Find the line containing "So with the", then print it and each following line through the end of the records, exactly and with nothing added; leave out any pictures.
+++
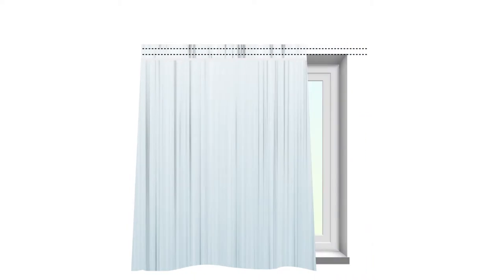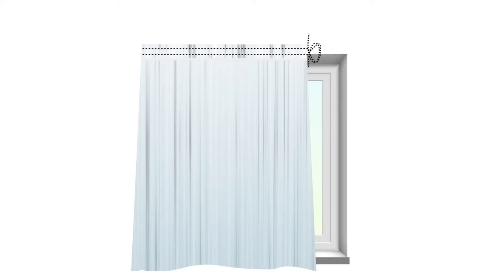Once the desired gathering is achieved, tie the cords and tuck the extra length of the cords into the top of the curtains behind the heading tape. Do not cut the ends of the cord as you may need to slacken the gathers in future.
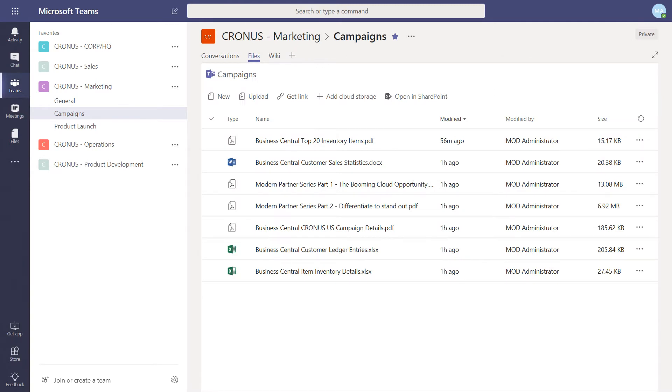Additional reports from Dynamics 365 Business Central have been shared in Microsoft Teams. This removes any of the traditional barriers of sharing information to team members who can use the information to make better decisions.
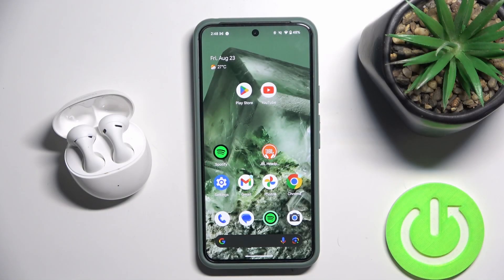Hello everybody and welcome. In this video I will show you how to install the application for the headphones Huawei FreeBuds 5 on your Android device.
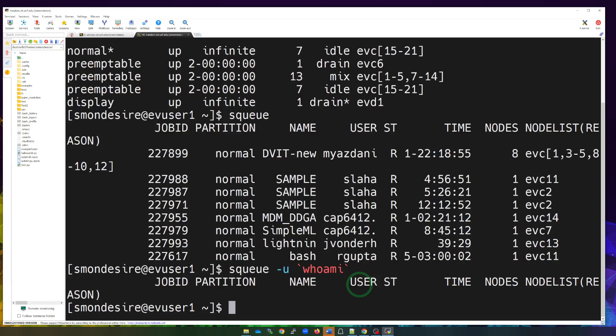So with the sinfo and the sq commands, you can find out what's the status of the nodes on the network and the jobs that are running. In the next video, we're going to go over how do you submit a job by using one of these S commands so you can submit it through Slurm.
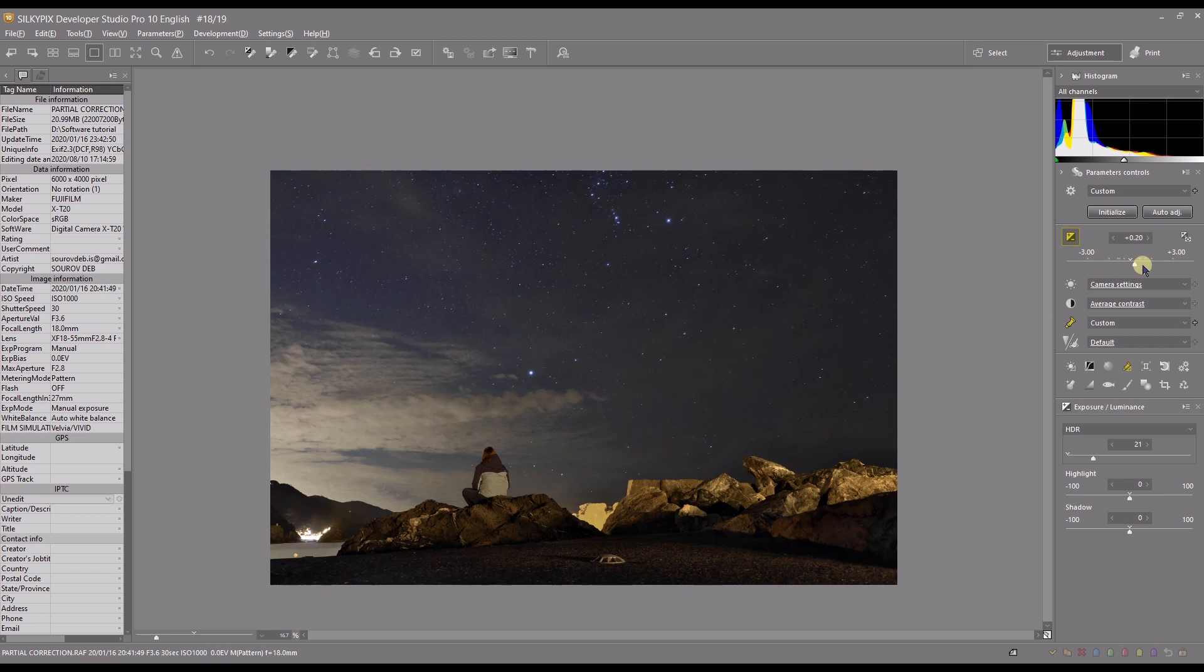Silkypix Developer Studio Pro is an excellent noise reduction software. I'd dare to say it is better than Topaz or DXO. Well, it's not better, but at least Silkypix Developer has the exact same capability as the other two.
+++
# Result for this exercise
So with the sinfo and the sq commands, you can find out what's the status of the nodes on the network and the jobs that are running. In the next video, we're going to go over how do you submit a job by using one of these S commands so you can submit it through Slurm.
Silkypix Developer Studio Pro is an excellent noise reduction software. I'd dare to say it is better than Topaz or DXO. Well, it's not better, but at least Silkypix Developer has the exact same capability as the other two.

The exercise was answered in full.